它适用于网页和文件。您可以使用“http://whatever.com/page.html”作为$ filename来获取HTML。

#2


4  

With curl you would want to make sure that you're setting the CURLOPT_RETURNTRANSFER parameter to ensure that the page is retrieved as a string, e.g.:

使用curl,您需要确保设置CURLOPT_RETURNTRANSFER参数以确保以字符串形式检索页面,例如:

    //return the transfer as a string 
    curl_setopt($ch, CURLOPT_RETURNTRANSFER, 1); 

See http://www.php.net/manual/en/function.curl-setopt.php

见http://www.php.net/manual/en/function.curl-setopt.php

#3


0  

I used cURL to get the file into a string (simple_html_dom::load_file just wraps file_get_contents) then using simple_html_dom load (from string) method to parse it. That works for some URL's but it is failing in this case when the URL has a parameter string. It is fetching the URL as if it had not a parameter string. I set an agent with curl to impersonate a browser but no dice.

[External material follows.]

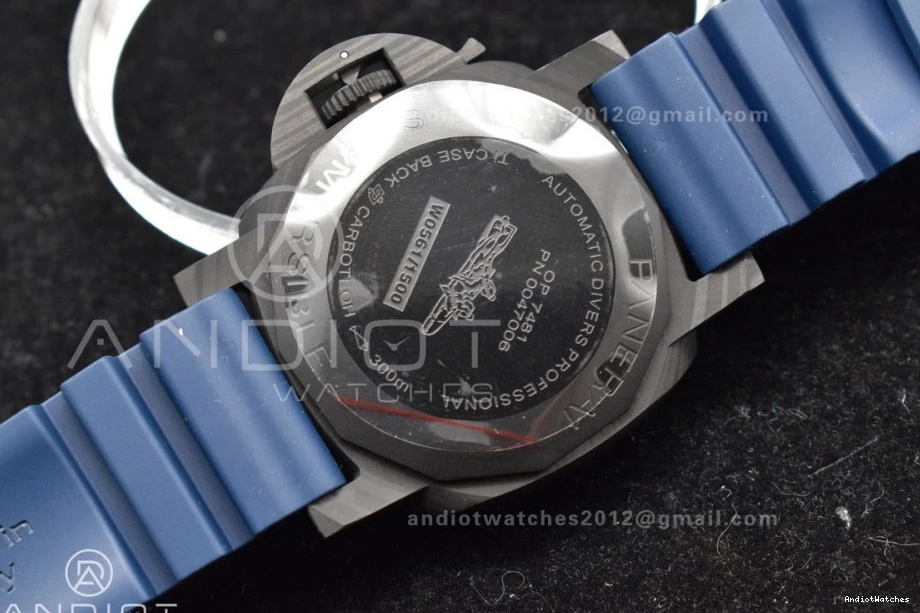 Dial W 439 Trendsetting P Best Carbotech SBF Blue 1:1 Blue Rubber Edition Strap PAM1232 on 0124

我使用cURL将文件转换为字符串(simple_html_dom :: load_file只包装file_get_contents),然后使用simple_html_dom load(from string)方法解析它。这适用于某些URL,但在这种情况下,当URL具有参数字符串时,它会失败。它正在获取URL,就好像它没有参数字符串一样。我设置一个curl代理来冒充浏览器,但没有骰子。

Sorry this is not an answer really, but maybe using curl will work for some people for whom the fopen setting is a problem.

对不起,这不是一个真正的答案,但也许使用curl将适用于fopen设置有问题的一些人。